また、種雄牛が感染してしまったことは大きな問題だと思いますが、県内で同じようなことが起きてしまった場合、兵庫県として処分に同意されるかお聞かせ願います。

 

知事:

 口蹄疫のようなウイルス性感染症への対応は、根絶しないとだめです。いろいろな必要性はあると思いますが、封じ込んでしまわないとだめです。封じ込む手段として適切かどうか学術的、防疫的見地から対応をしていくべきであって、その対象となっている牛や豚などの能力がどうだということで決めるべき話ではないと思います。それと、専門家ではないのではっきりしませんが、潜伏期間だからといってウイルスを排出していないという保証はないとのことです。症状などが出ていなくてもウイルスが確認できるケースもあるそうです。口蹄疫のウイルスを、いかに封じ込めるかということを第一義に検討していかないといけない問題ではないかと思っています。気持ちはよく分かりますが、蔓延させないための封じ込めをきちんとすることが一番の基本だということを据えた上で対策を講じていくことが重要なのではないかと思います。

 

記者:

 3空港問題についてお聞きします。今月末で神戸空港からJALが撤退します。

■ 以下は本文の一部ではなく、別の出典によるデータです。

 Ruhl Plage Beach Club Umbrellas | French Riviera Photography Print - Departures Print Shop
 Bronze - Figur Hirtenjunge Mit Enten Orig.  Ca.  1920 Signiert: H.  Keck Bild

知事は以前から3空港を一元化ということをお話しをされていますが、国は神戸空港は地方空港だからという話になっています。今月末でJALが撤退することで、より一層神戸空港の規模の縮小に繋がっていくと思いますが、お考えをお聞かせ願います。

 

知事:

 JALの撤退枠は、すでにスカイマークやANAが新規路線などを開拓することによって埋めていただくことになっていますし、それよりもさらに増えることになります。神戸空港の機能自体は、JALが撤退したからといって減退することはないと思っています。しかも、他の航空会社からは、利便性の高い空港であり、70%を超える搭乗率なのに、どうしてJALは撤退されるのでしょうかということが聞こえてくる状況です。そのような状況を見れば、神戸空港を悲観するような話ではないと思っています。きちんとした利用ができるような路線を運航していくことが重要で、スカイマークやANAに協力していただきながら運航を続けていきたいと思っています。

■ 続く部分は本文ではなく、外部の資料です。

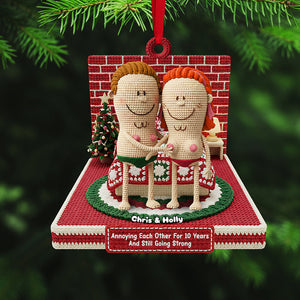 Personalized Gifts For Christmas, Knitting Funny Couple Acrylic Ornament 02nata241025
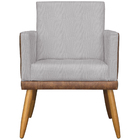 Kit 12 Poltronas Para Sala Lis Corino Peroba E Linho Bege Pé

 3空港のあり方からすると、矢田神戸市長も言われていますが、運営会社を民営化する、将来、民営化された大阪国際空港と関西国際空港との民間会社との一元化も視野に入れて3空港の最適運用を実現する道もあると思います。これからも可能性として求めていけばいいのではないかと思います。いずれにしても、成長戦略会議の方向づけが出ただけですので、どのような形態で進んでいくのか十分見極めながら適切な対策を神戸空港側としても進めていく必要があると思います。関西国際空港との関係で神戸空港の運用規制がされています。ですから、発着枠や発着時間、オウンユース以外のチャーター便がだめだなど、他の空港はオープンスカイで航空会社が乗り入れたければ、いつでも発着できるにもかかわらず、神戸空港はオープンスカイの対象にされていないということがあります。そういうことを関西国際空港とは別物だということで位置づけられるなら、他の地方空港と同様の取扱いにすべきだということになると思います。これらも、これから先の検討の素材ではないかと思っています。

 

記者:

 JALが撤退してもANAやスカイマークでカバーできるのではないかというお話しでしたが、年間100万人の乗客をANAやスカイマークでどこまでカバーができるかという心配はないのでしょうか。

 

知事:

 やってみないとわかりません。JALは撤退してしまうものの、それについて対策が全くないのではなくて、ANAやスカイマークが新規路線等を神戸空港を使って運航すると言っていただいていますので、できるだけ多くの方々に活用していただく、その実績でJALがやっぱり失敗したなと思っていただくような状況を作り出すことが重要なのではないかと思います。

 

記者:

 上海には伊丹空港からということのようですが、その理由をお聞かせ願います。

 

知事:

 参加者の利便性が高いからです。観光プロモーション団に参加するひょうごツーリズム協会の会員が、但馬から来る場合も、赤穂などの西播磨から来る場合も、阪神間からの場合も一番利便性の高いのが大阪国際空港だったということです。そこで、大阪国際空港で利用が認められているオウンユースチャーターで大阪国際空港から出させてもらえないかと協議を進めていったというのが実情です。

 

記者:

 参院選まで1カ月程度になりました。今回、今までと違って民主党から2人立候補されます。知事はこれまでは等距離外交というか、自民党とも、3年前には辻さんのところにも顔を出されていましたが、現職が2人ということで行動しやすかったと思いますが、今回、構図が変わりましたが、今年の参院選は各党とどのように接していこうとお考えでしょうか。

 

知事:

 現段階では大きな行動の差を設けたいと思っていません。現職の方には、これまでの繋がりや県政の推進にあたって、ご協力、ご指導をしていただいていますので、現職の方への対応は考えていくべきではないかと思っています。

 

記者:

 受動喫煙防止について、条例を神奈川県が先行していると記憶していますが、条例の必要性をどのようにお考えかということと、検討委員会のメンバーには、例えば、業界の方も入るのでしょうか。

 

知事:

 検討委員会はまだ立ち上がっていませんが、県立尼崎病院の藤原院長が受動喫煙対策の専門家ですので、藤原院長のご指導は得たいと考えています。併せて、受動喫煙防止の問題は、結局、受動的に吸ってしまうことをどう防止しようかということですので、そのような立場を中心に議論を進めていくべきだと思います。ただ、地域活動団体、環境団体に対して、多くの支援をいただきましたフィリップモリスジャパンの社長と先週議論しましたが、世界の状況や規制の実情など十分踏まえた上で検討してください、情報提供はいくらでもしますというお話でした。そのようなお話を十分に聞かせていただきながら検討を進めていくことになるのではないかと思っています。私は、たばこを吸いませんので、吸っている人の気持ちが理解できませんが、このような議論をするときは両面がありますので、両サイドのご意見を十分参考にしながら適切な仕掛けができればと考えているところです。